Values Extract

1 Raster Data

Raster Data is actually a kind of Sample data of a area, the area will be divided in regular grids (equally sized rectangles). The typical raster data like elevation is already the most important data for many spatial-based research fields. The raster form is also the important form for meteorological data, in order the area-value (e.g. Temperature and Presentation) to represent. But for the application e.g. in the Hydrology need we some statistical values for specific research regions, especially the Average.

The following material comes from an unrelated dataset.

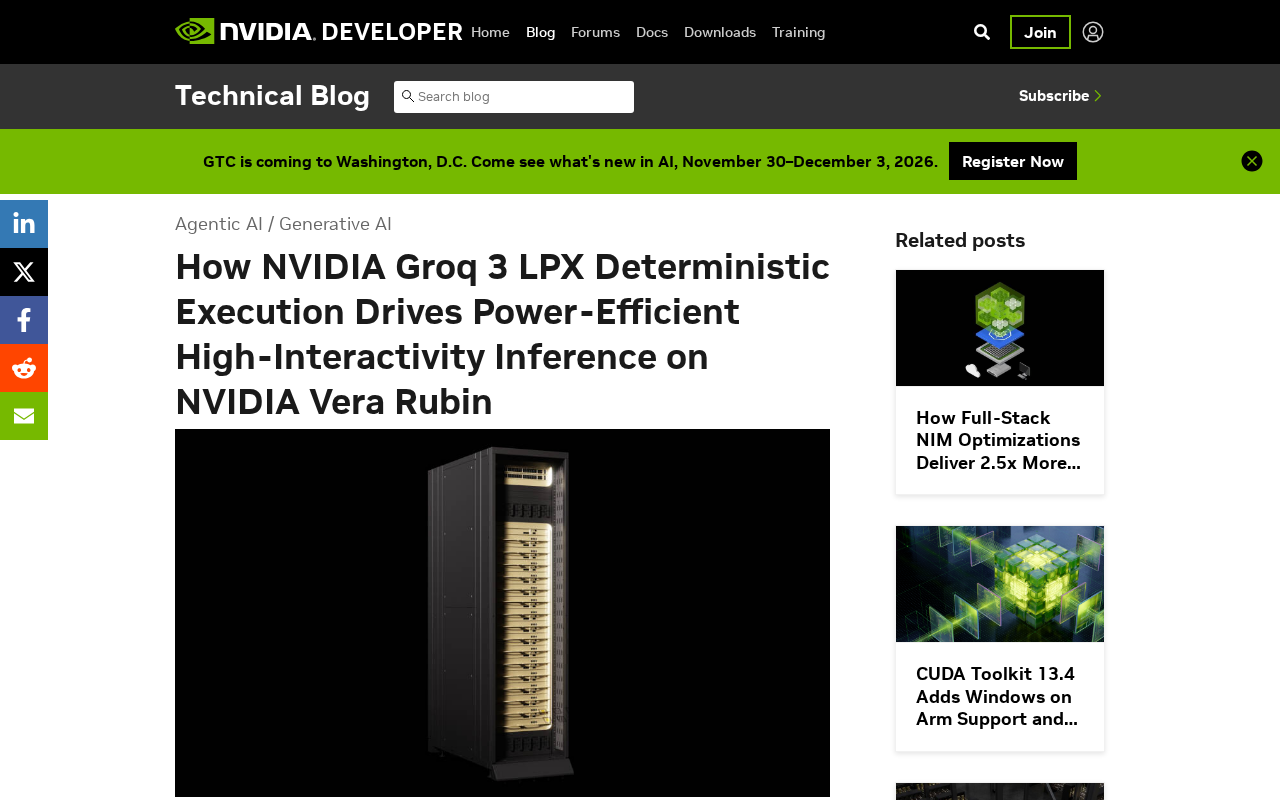 Groq LPX 机架架构示意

Therefore we need the operate EXTRACT.

1.1 Extract from Raster

The basic Data are like:

The example Data
  • two Raster data
  • two Regions shape files

For the operate EXTRACT, we need basically the raster data and the regions (shape files). Before this we must confirm that, the both data are in the same CRS (coordinate reference system). In this Blog we discuss only the theories and ideas about EXTRACT. There will show total four methods:

1.1.1 Rough with original resolution

The first method we just use the original Raster with original resolution. But when the resolution not so fine, it will occur to that the selected grids have the big difference than the region. This is one very typical Problem in meteorological data, they have not so gut space resolution because the time resolution is always finer than the common geological data. In order to balance the data size, we must reduce the space resolution.

Illustration of Mask with “Touch” oder “Centerpoint”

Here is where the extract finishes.